Author and Hastings Resident Dan Greenburg Shares His Five Favorite Children's Books
The author and Hastings resident on his five favorite books for kids
Though his How to Be a Jewish Mother catapulted Dan Greenburg, the author of 72 books published in 24 countries, to initial fame, the Hastings resident has since become equally well known among younger readers for his children’s book series: The Zack Files, Secrets of Dripping Fang, Weird Planet, and Maximum Boy. Here, he shares his favorite children’s tomes.

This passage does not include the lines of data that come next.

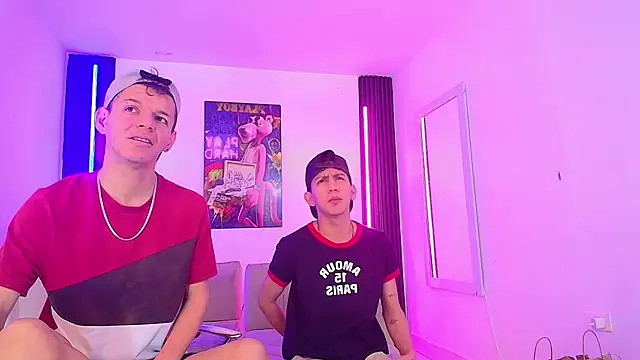 Marcus and Tony online show from July 28, 2026, 9:47 pm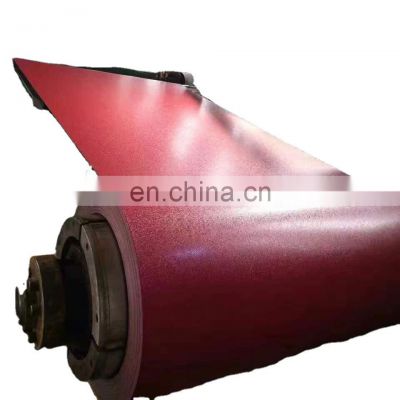 Coil And Galvanized Material For Ppgi Steel Coil 0.2mm Thickgalvanized Steel Sheet Metal Prepainted Galvanized Steel Coil
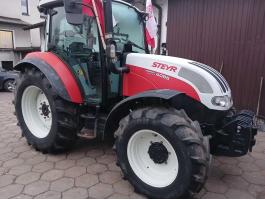 Steyr 4085 Kompakt Multi - 0% Áfa - Leszállítva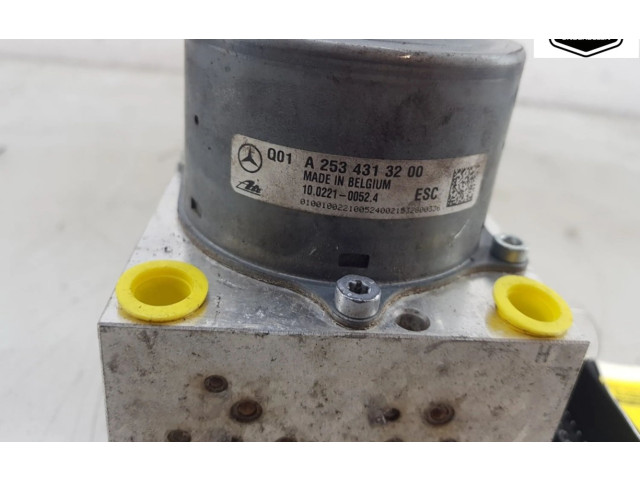 Jednotka ABS A2539011600, A2539011600   Mercedes-Benz C W205 2015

1) Winnie-the-Pooh (A.A. Milne)
Greenburg says that he has loved all the characters in the Pooh titles since childhood—especially “the depressed, self-effacing, controlling, and passive-aggressive Eeyore.” One of his favorite scenes in this book? When Pooh and Piglet, circling a tree in the snow, follow the footprints of what they believe to be two strange animals—and they discover the footprints are actually their own.
2) Flat Stanley (Jeff Brown)
A heavy bulletin board falls on a boy named Stanley Lambchop when he’s sleeping and, after his parents lift it off him, he’s left as flat as a pancake. Yet no one seems too alarmed by this turn of events, Greenburg notes; Stanley gets rolled up, mailed, and flown like a kite. “Brown’s exposition,” he says, “is as flat and funny as his protagonist.”
3) A Lion Named Shirley Williamson (Bernard Waber)
In this title by the author of the Lyle the Crocodile books, the other zoo lions resent the title character because of her snobbish name and the special treatment she gets from the zookeeper. Greenburg is especially taken with Waber’s “marvelous deadpan humorous style” and “tone-perfect, droll illustrations.”
4) Robot Dreams (Sara Varon)
A graphic novel, this title centers on the close friendship that develops between a dog and the robot he assembles from a kit—and the series of tragicomic, soap-operatic events that ensue when they are separated. “Although there isn’t a single word of dialogue,” Greenburg says, “Varon managed to put me through an astonishing rollercoaster ride of emotions.”
5) The Bad Beginning by Lemony Snickett (Daniel Handler)
In this first book of the darkly comedic series, A Series of Unfortunate Events, three orphaned children are sent to live with their distant cousin, the sadistic Count Olaf. “Even more than the perversely humorous plot,” says Greenburg, “it’s the author’s voice that makes this one a favorite of mine.” Indeed, he adds, “as a darkly comedic children’s book author myself, I struggle not to be influenced by Handler’s style.”